Settings

Settings management is handled via pydantic-settings, so either env vars with JUDITHA_ prefix or a local .env file works.

Storage and query

`JUDITHA_URI`


Field	`uri`
Type	`str`
Default	`juditha.db`
Read at	every `get_store()` call (resolved at call time)
Rebuild needed	n/a (it selects which store to open)

Path to the store directory. Holds the LevelDB aggregator (names.db/), the tantivy index (tantivy.db/), and the Aho-Corasick patterns file (automaton.txt). Supports any anystore-resolvable path: local filesystem, S3, ...

`JUDITHA_FUZZY_THRESHOLD`


Field	`fuzzy_threshold`
Type	`float`
Default	`0.97`
Read at	every `Store.search` / `lookup()` call
Rebuild needed	no

Jaro similarity threshold for lookup / Store.search. Hits below this score are dropped. Lower for noisier inputs (OCR, NER spans with edit-distance corruption); raise to demand near-exact matches.

`JUDITHA_LIMIT`


Field	`limit`
Type	`int`
Default	`10`
Read at	every `Store.search` / `lookup()` call
Rebuild needed	no

Maximum candidate hits tantivy returns per search before the Jaro / rapidfuzz rerank stage. Raise if the rerank often drops the only correct candidate because it ranked outside the top-10 by BM25.

`JUDITHA_MIN_LENGTH`


Field	`min_length`
Type	`int`
Default	`4`
Read at	every `Store.search` / `lookup()` call
Rebuild needed	no

Minimum length of the normalized query. Queries that normalize to fewer than this many characters return None without touching tantivy.

Index-time tuning

`JUDITHA_MIN_TOKEN_LENGTH`


Field	`min_token_length`
Type	`int`
Default	`4`
Read at	build time (`Store.build`, `AhoExtractor.add_doc`) and query time (percolator blocking)
Rebuild needed	yes (`juditha build`)

Per-token length floor shared by:

The percolator's blocking set ({f for f in text_forms if len(f) >= min_token_length})
The tokens field on the names index (populated at index time with the same floor)
The Aho-Corasick extractor's pattern-length filter, derived as min_token_length × MIN_TOKEN_COUNT (default 4 × 2 = 8 total normalized chars)
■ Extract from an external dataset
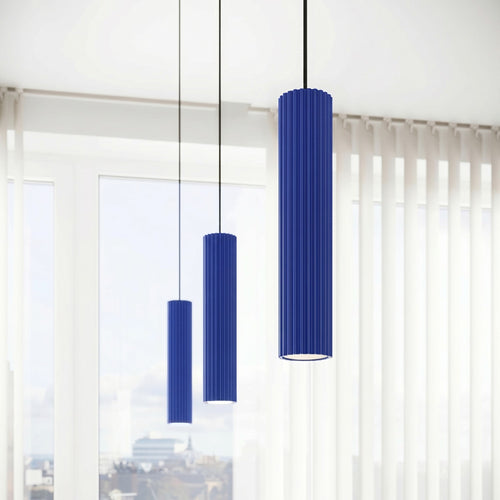 Sollux Lighting Hanglamp KARBON 1 ultramarijn - 8x8x118cm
Lower this to admit shorter, stopword-ish tokens. Short-token names like Abu Bakr or XI Jinping then carry richer blocking signatures and survive the BM25 percolate_block_limit cap on large corpora. Cost: index size grows and the blocking-set fan-out increases at query time.

Index-time and query-time use of this setting are coupled: the percolator's blocking set at query time MUST match the floor used when populating the tokens field at index time, otherwise blocking misses real candidates. Always run juditha build after changing this.

Query-time tuning

`JUDITHA_PERCOLATE_BLOCK_LIMIT`


Field	`percolate_block_limit`
Type	`int`
Default	`10_000`
Read at	every `Store.percolate` / `percolate()` call
Rebuild needed	no

Maximum number of candidate Docs the percolator's blocking stage returns. Candidates are BM25-ranked by how many (and how rare) of the input text's tokens they match. Tantivy 0.25 does not expose a minimum_should_match knob, so the only way to ensure low-frequency candidates aren't crowded out at multi-million-cluster scale is to raise this cap.

Setting	When	Cost
`10_000` (default)	Corpora up to ~1 M clusters, latency-sensitive workloads	~1 s on 90 K-token input
`100_000`	Multi-million-cluster corpora where parity with Aho matters	~4 to 5 s on 90 K-token input
`1_000_000`	Investigative / batch jobs where recall trumps latency	linear in candidates surviving blocking

See Benchmark for the cost / recall curve at three corpus sizes.

Debug

`JUDITHA_DEBUG`


Field	`debug`
Type	`bool`
Default	`false`
Read at	CLI startup
Rebuild needed	no

When true, typer renders rich tracebacks on CLI errors. Useful for development.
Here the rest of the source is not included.